En una memorable escena del filme norteamericano Cabaret (Bob Fosse, 1972), un aristocrático joven alemán le comenta a la cantante y bailarina norteamericana Sally Bowles y a su joven amigo británico que le acompaña que los fascistas son un mal necesario, pero que serían puestos bajo control en cualquier momento que el orden burgués lo estimara conveniente. Ese pasaje es una representación de la creencia de los banqueros, industriales y comerciantes alemanes de que podrían utilizar a los fascistas como un obediente instrumento de su poder, siempre bajo su control. Solo que esto último nunca llegó a suceder ni en Alemania ni en Italia ni en España.
Hitler, como Mussolini, echó mano al pasado histórico de su grupo étnico, considerado como heroico y glorioso —vemos aquí de nuevo la estetización sosteniendo preceptos éticos— y se declaró continuador de la epopeya de antiguos pueblos.

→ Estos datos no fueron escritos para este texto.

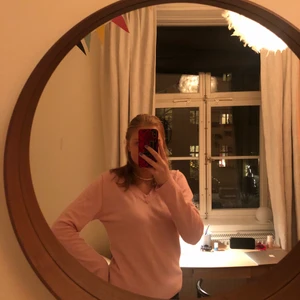 Stickad tröja  - Skit snygg v-ringad stickad tröja från Filippa K!!Nästan aldrig använd As najs passform👌🏼👌🏼Nypris 800 kr🤠 (Priset kan diskuteras)Kontakta mig privat för fler bilder/frågor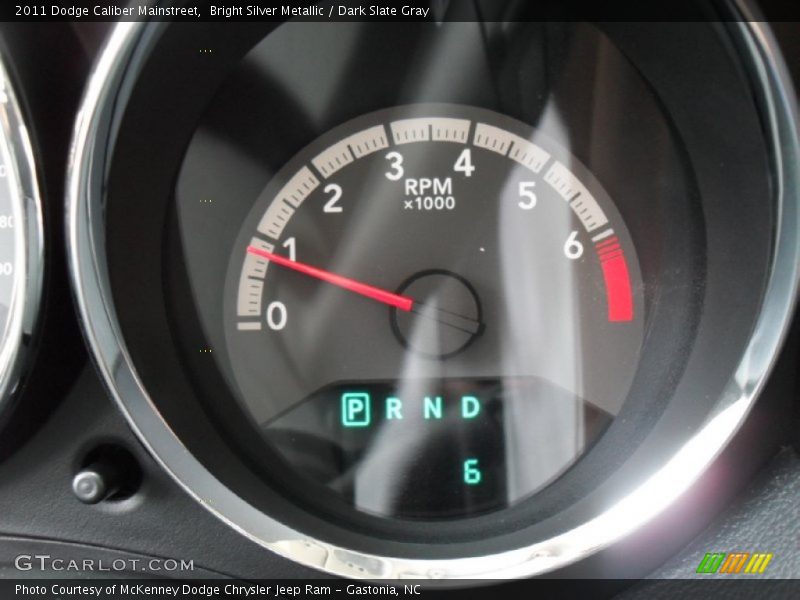 Bright Silver Metallic / Dark Slate Gray 2011 Dodge Caliber Mainstreet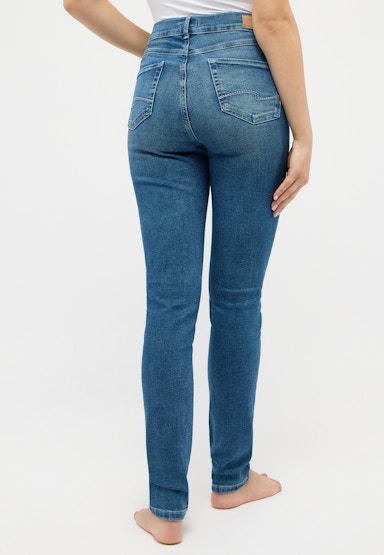 Skinny jeans with used wash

Estimuló la difusión de todo lo que oliera a genuino arte alemán y que discursara sobre lo «puramente» nacional, particularmente las óperas de Richard Wagner sobre las antiguas leyendas germanas (Los nibelungos, El oro del Rin, Parsifal, Tannhäuser, etcétera) y la música de Ludwig van Beethoven. A través de estas obras inculcó y exacerbó sentimientos nacionalistas y xenófobos en el pueblo alemán.
Pero la más terrible y temible perla de cultivo del ideario y la política nazi fue la instauración oficial de la idea de la superioridad aria, tanto en la mente como en los corazones del pueblo alemán.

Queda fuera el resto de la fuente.